O estudo foi liderado pela bioquímica Glaucia Mendes Souza, coordenadora do programa de bioenergia da Fapesp e professora da Universidade de São Paulo. De acordo com Glaucia, a pesquisa apontou que a bioenergia pode promover, de fato, o desenvolvimento sustentável. “A bioenergia é a fonte que mais impacta na sociedade nos âmbitos social, ambiental e econômico, por ser eficiente e segura”, afirmou Glaucia. Nos dias atuais, do total de energia que o mundo produz, cerca de 550 exajoules (EJ), o equivalente a 98,5 bilhões de barris de petróleo, a bioenergia corresponde a apenas 55 EJ, ou seja, 10% da demanda. Mas, até 2050, a previsão dos estudiosos é que essa realidade mude e a bioenergia passe a ser fonte de 25% do total de 1,2 mil EJ de energia que o mundo vai precisar.


Incentivo: Elizabeth Farina, presidente da Unica, apoia o desenvolvimento da eficiência energética para dar competitividade à bioenergia

De acordo com Luiz Augusto Horta Nogueira, professor da Universidade Federal de Itajubá, de Minas Gerais, um dos editores e co-autor do relatório, de todas as regiões do planeta, a América Latina e o Caribe são as que apresentam as melhores condições para a produção de bioenergia. Segundo ele, estão disponíveis nessas regiões cerca de 360 milhões de hectares de terras aptas à agricultura, o que corresponde a 37% da área total mundial, ou três vezes a  requerida para atender as necessidades alimentares do mundo. Para Nogueira, se geridos de forma adequada e com a adoção de processos eficientes, 20% dessa área poderiam produzir, anualmente, 24 exajoules de biocombustíveis líquidos, o equivalente a 11 milhões de barris de petróleo por dia. “Esse valor é mais do que a produção atual dos Estados Unidos ou da Arábia Saudita”, diz Nogueira.

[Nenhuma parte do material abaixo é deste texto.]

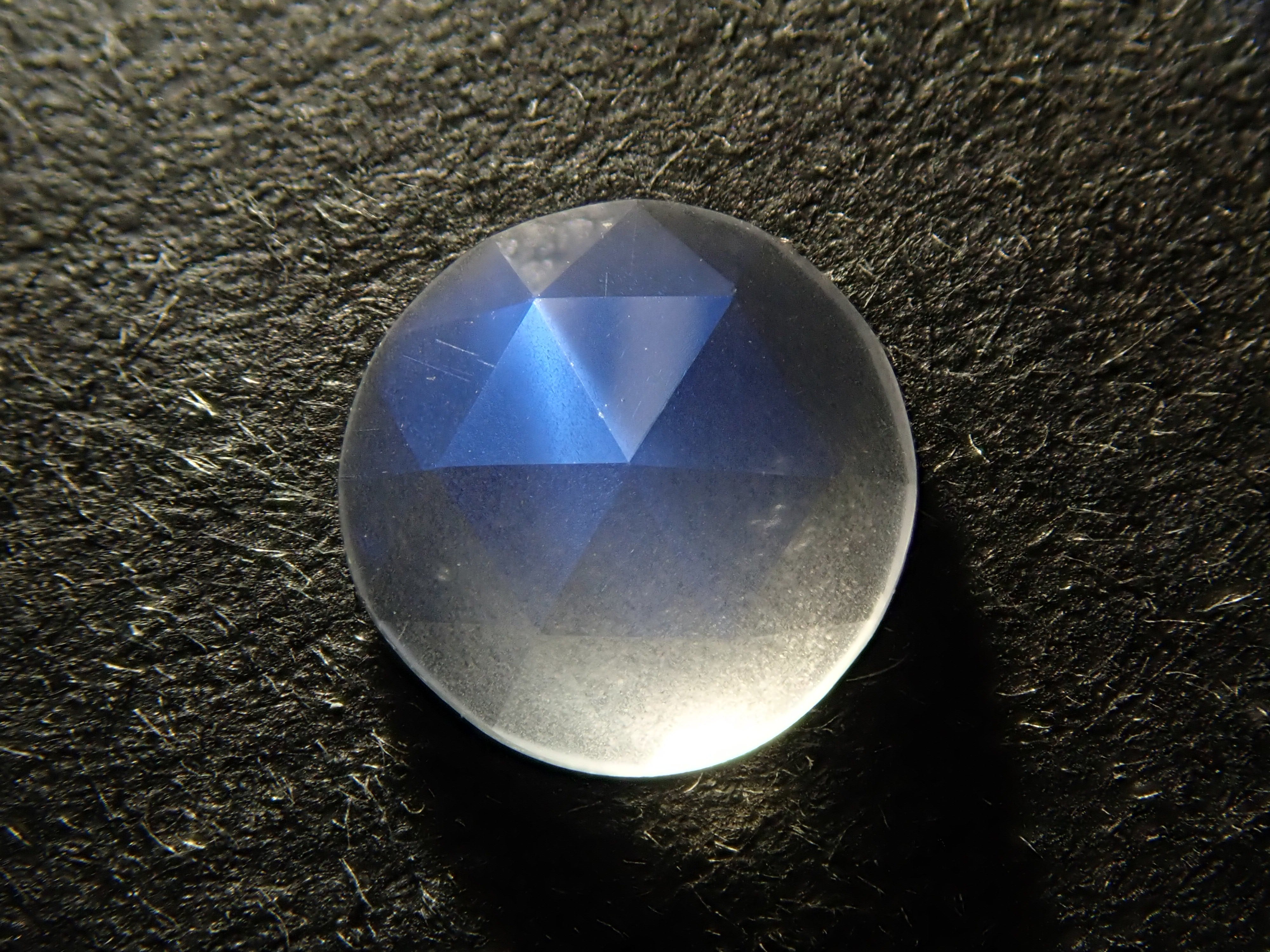 カラッツSTORE – Page 414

Para o Brasil, o relatório apontou a existência de energias renováveis suficientes para suprir 41% das suas necessidades energéticas.Atualmente, os brasileiros consomem cerca de dois milhões de barris de petróleo por dia de energia. O investimento no setor poderia ajudar a promover o crescimento econômico e a segurança alimentar em áreas rurais pobres. No entanto, os benefícios dependem de políticas públicas que garantam sustentabilidade e distribuição igualitária dos benefícios. “A ideia que existe até hoje, de que os biocombustíveis competem com a produção de alimentos e poderiam levar a um aumento dos preços é baseada em suposições, não em fatos”, disse Glaucia. “A bioenergia pode ter sinergias benéficas para a produção de alimentos, trazendo modernização para a agricultura e poder aquisitivo para as regiões rurais, além de emprego no campo”. O relatório passa agora para a fase de disseminação dos resultados. Além das apresentações realizadas em junho, na Fiesp, em São Paulo, na sede do Banco Mundial, em Washington, e em Bruxelas, na Bélgica, será realizada uma sessão ainda sem data definida no Quênia.